- _What the task asks_:
Only the lines from the first line of the data through the line containing "Aikesi 子供用魔法瓶カップ 女性用" belong in the answer, transcribed exactly; pictures do not.

- _Material shown_:
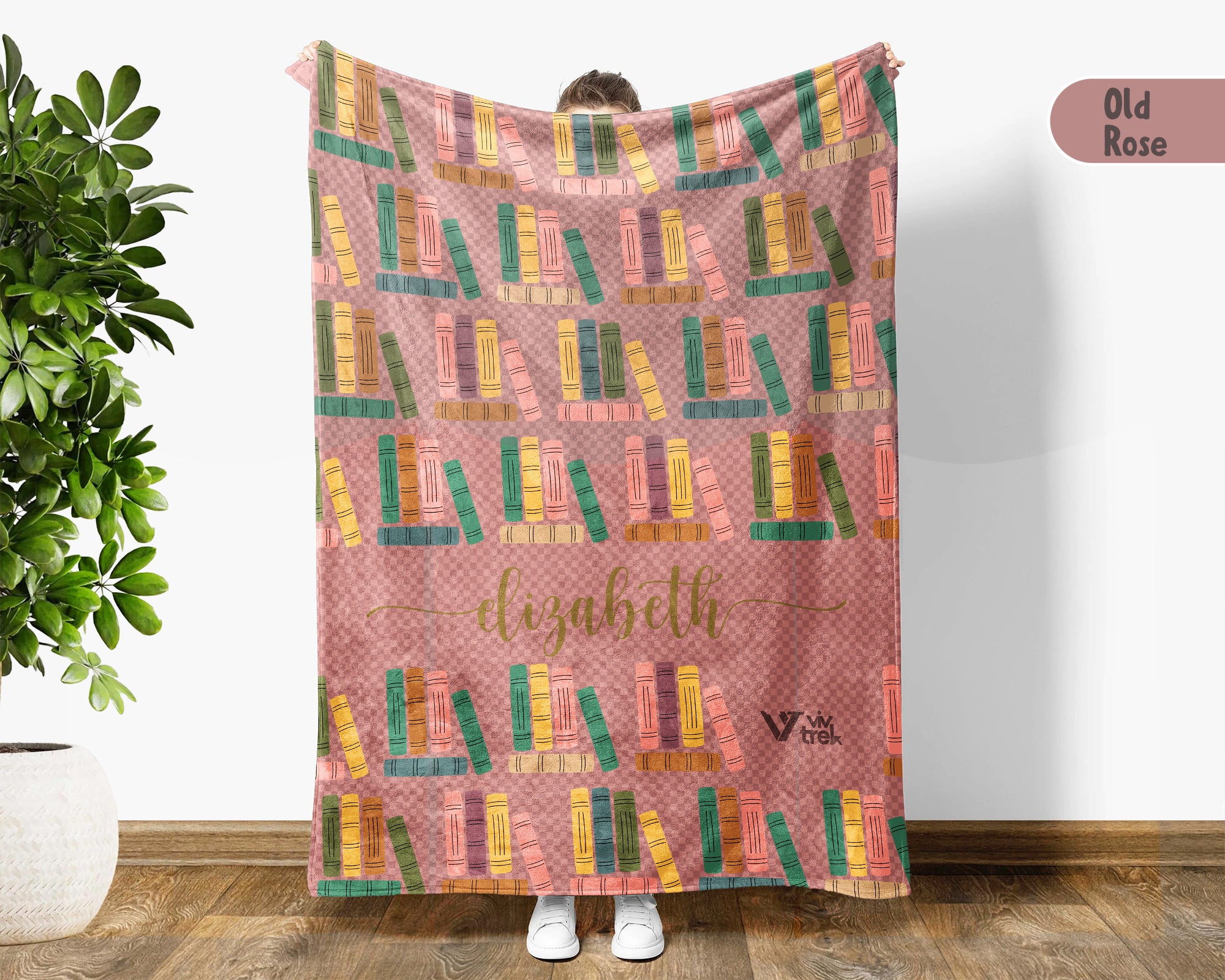 Custom Name Reading Blanket Retro Book Lover Throw Cozy Personalized Gift Soft Library Inspired Decor for Home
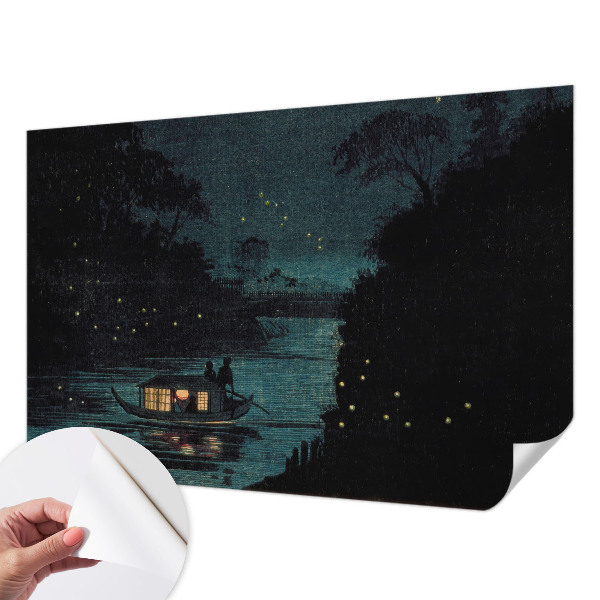 3D photo wallpaper mural with evening lights design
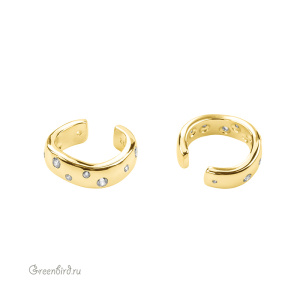 Кафф-колечко с фианитами "Волна", золото, 1 шт. (#SV1701-K22)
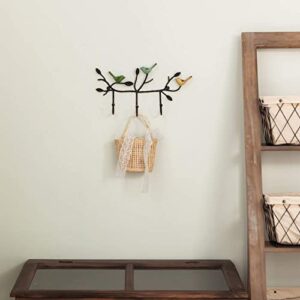 SOFFEE DESIGN Vintage Wall-Mounted Coat Rack with 3 Hooks, Birds Standing on Tree Branch with Rustic Paint Heavy Duty Wall Hanging Key Holder, Farmhouse Coat Hooks for Towels, Hats, Scarves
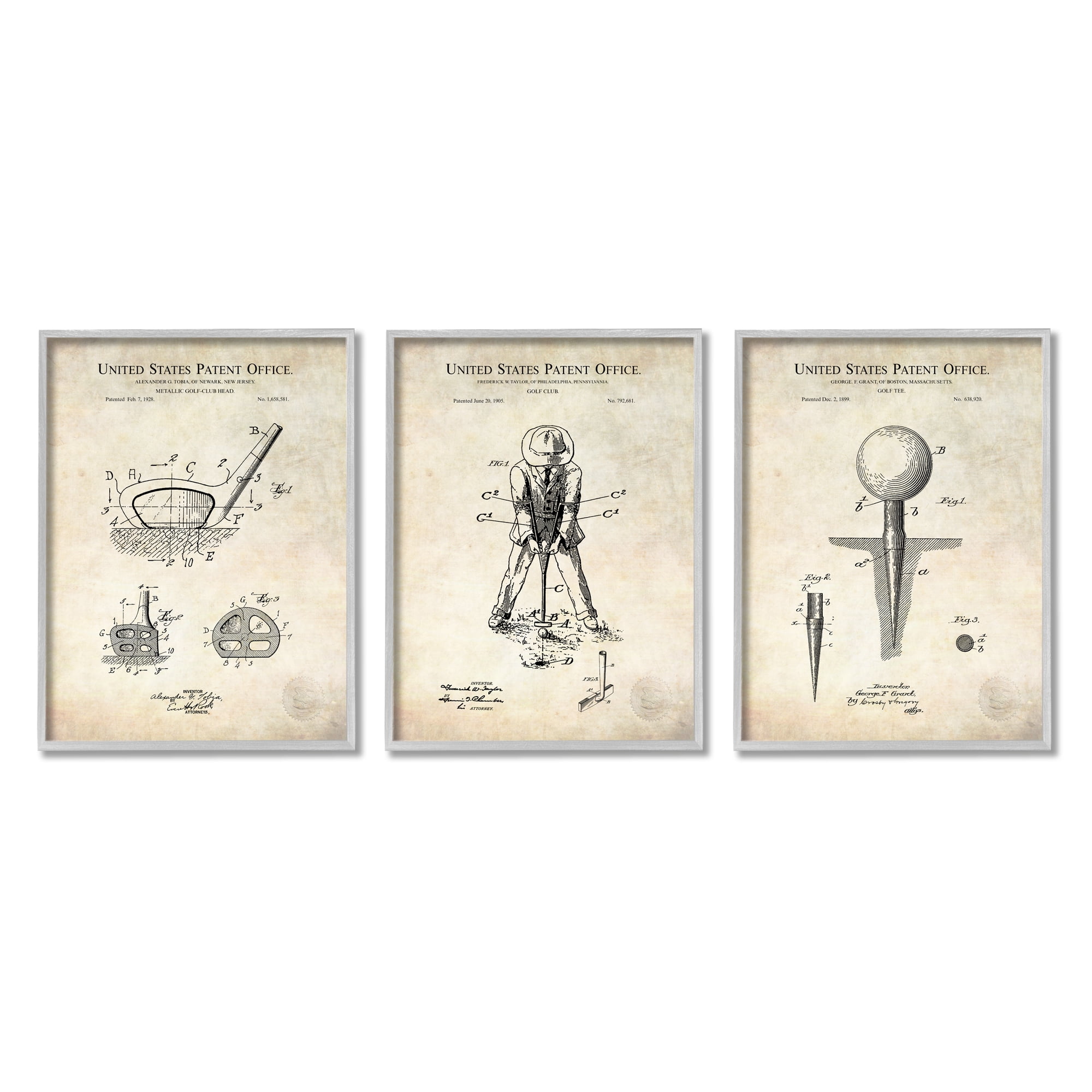 Golf Sport Vintage Patent Club Head and Tee Diagram Typography Graphic Art Framed Art Print Wall Art, Set Of 3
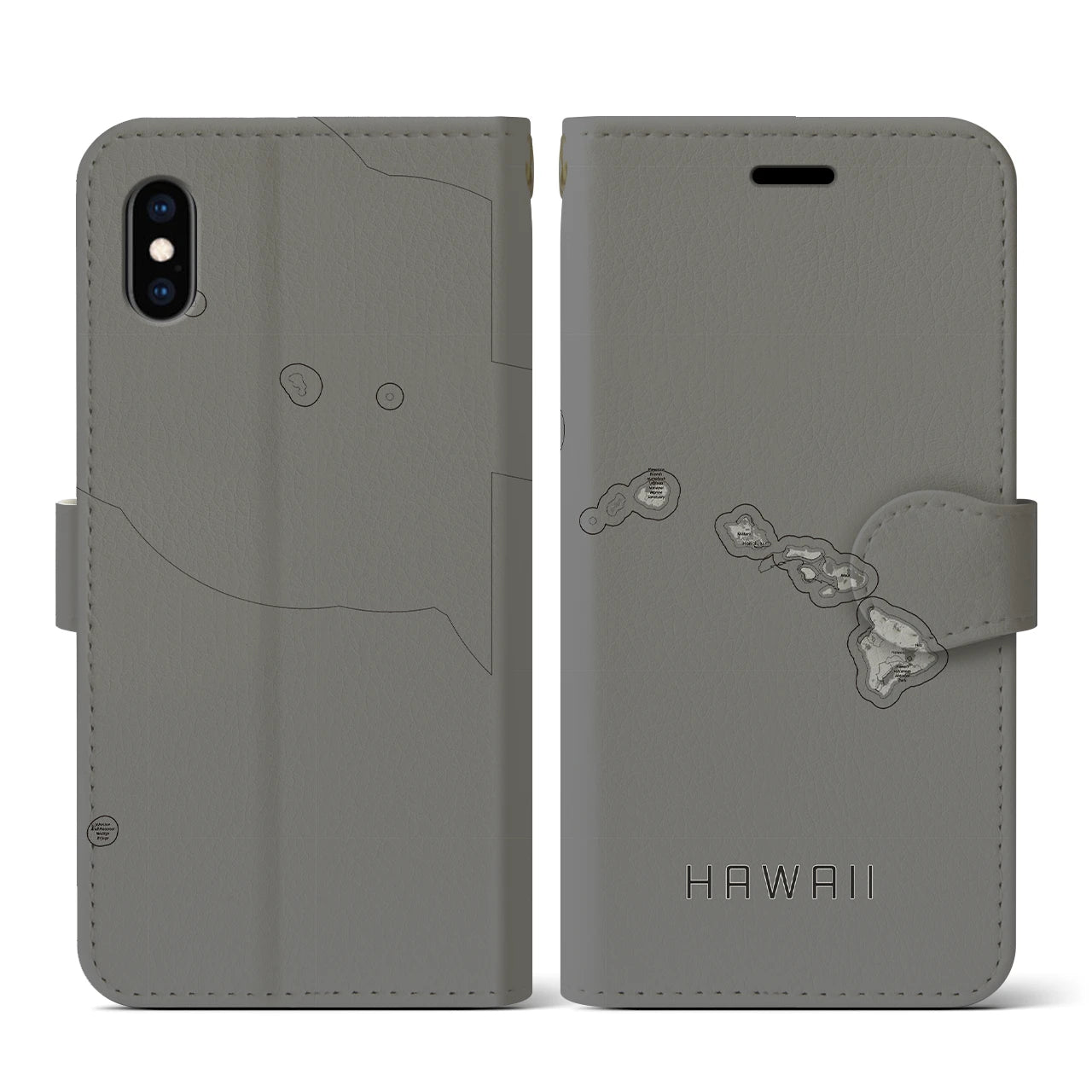 【ハワイ(アメリカ)】地図柄iPhoneケース(手帳タイプ)モノトーン・iPhone XS / X 用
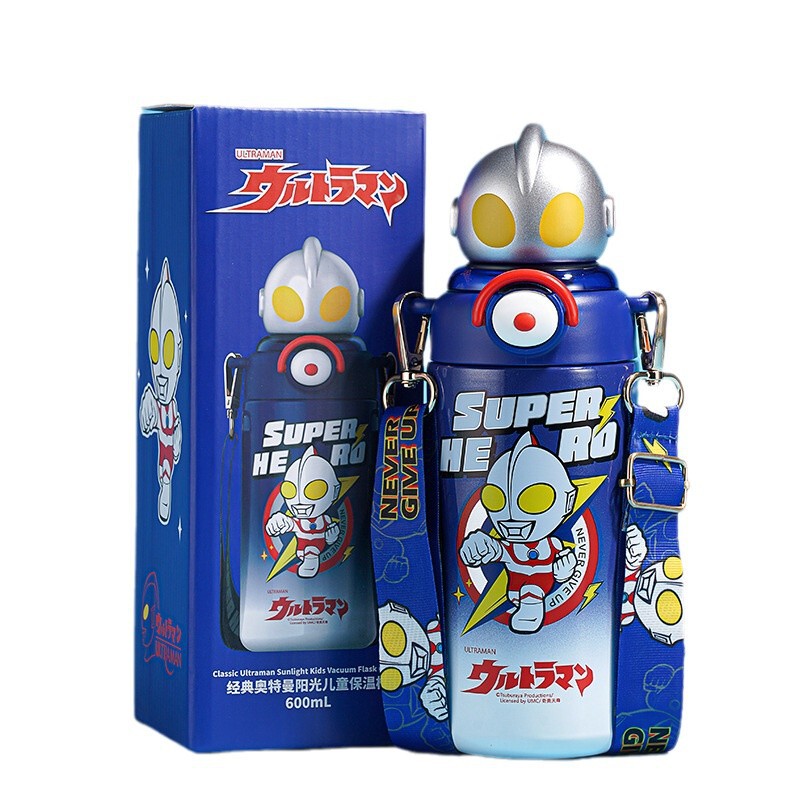 Aikesi 子供用魔法瓶カップ 女性用 316 食品グレード ウルトラマン ストローカップ 斜め掛け可能 落下防止 学生ケトル|undefined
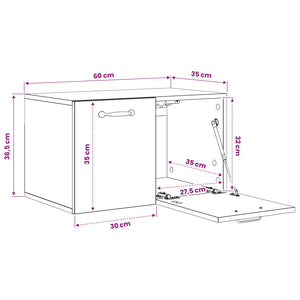 Ντουλάπα Τοίχου 60 x 36,5 x 35 cm Επεξεργασμένο Ξύλο Μαύρη Δρυς - Pakobazaar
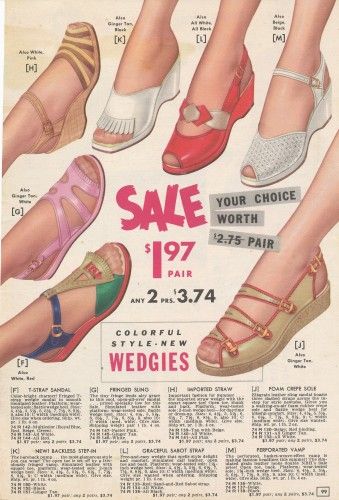 1955 Sandals- Diverse styles on Wedge Soles mid 50s red white tan pink sling back buckle crayola colors wedgies shoes casual low heel slip ons 1930s Sandals, 1950s Sandals, 50s Sandals, 40s Shoes, Tas Vintage, 1950s Shoes, Istoria Modei, 1940s Shoes, Mode Retro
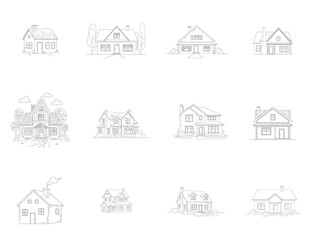 Delicate line drawings showcasing diverse house architectural styles in grayscale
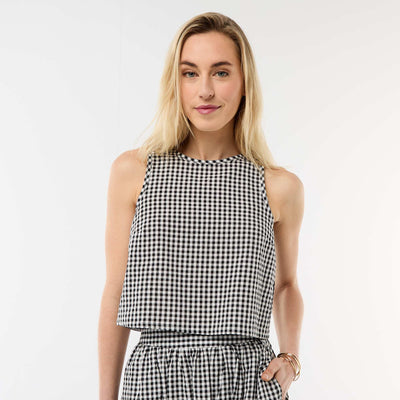 Gingham Sleeveless Top BLACK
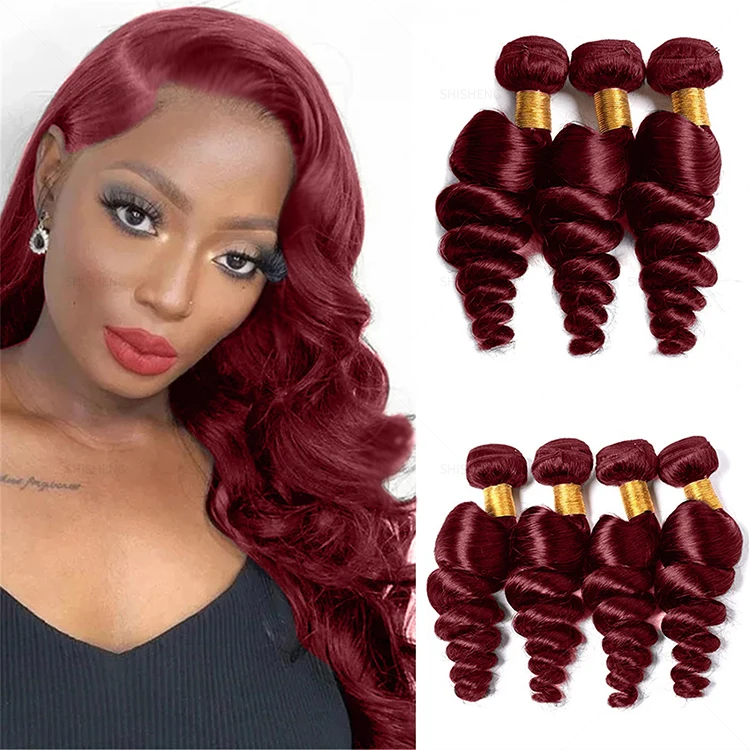 

SHI SHENG 2021 Hot selling 18in/20in/22in/24in Wine Red Hair Weaving Loose Wave Bundle Hair for Women
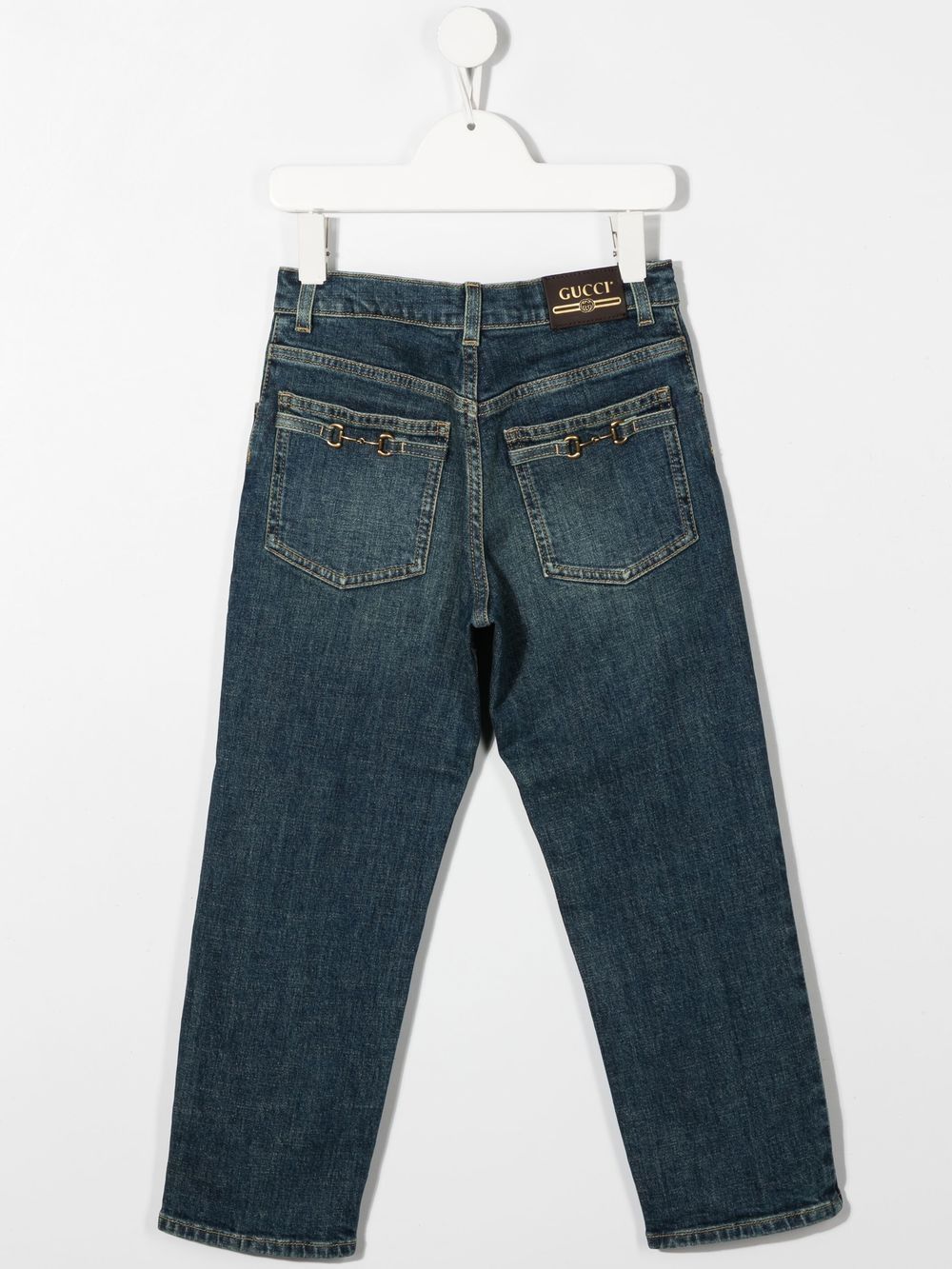 Gucci Kids Horsebit straight-leg jeans - Blue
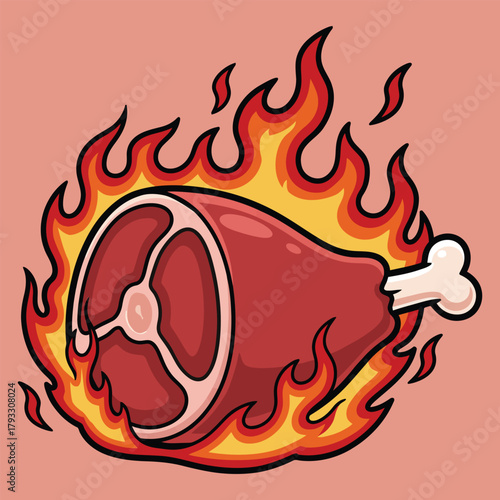 Hot Flaming Meat Illustration – Spicy Grilled Pork Cartoon Vector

- _Answer to the exercise_:
 Custom Name Reading Blanket Retro Book Lover Throw Cozy Personalized Gift Soft Library Inspired Decor for Home
 3D photo wallpaper mural with evening lights design
 Кафф-колечко с фианитами "Волна", золото, 1 шт. (#SV1701-K22)
 SOFFEE DESIGN Vintage Wall-Mounted Coat Rack with 3 Hooks, Birds Standing on Tree Branch with Rustic Paint Heavy Duty Wall Hanging Key Holder, Farmhouse Coat Hooks for Towels, Hats, Scarves
 Golf Sport Vintage Patent Club Head and Tee Diagram Typography Graphic Art Framed Art Print Wall Art, Set Of 3
 【ハワイ(アメリカ)】地図柄iPhoneケース(手帳タイプ)モノトーン・iPhone XS / X 用
 Aikesi 子供用魔法瓶カップ 女性用 316 食品グレード ウルトラマン ストローカップ 斜め掛け可能 落下防止 学生ケトル|undefined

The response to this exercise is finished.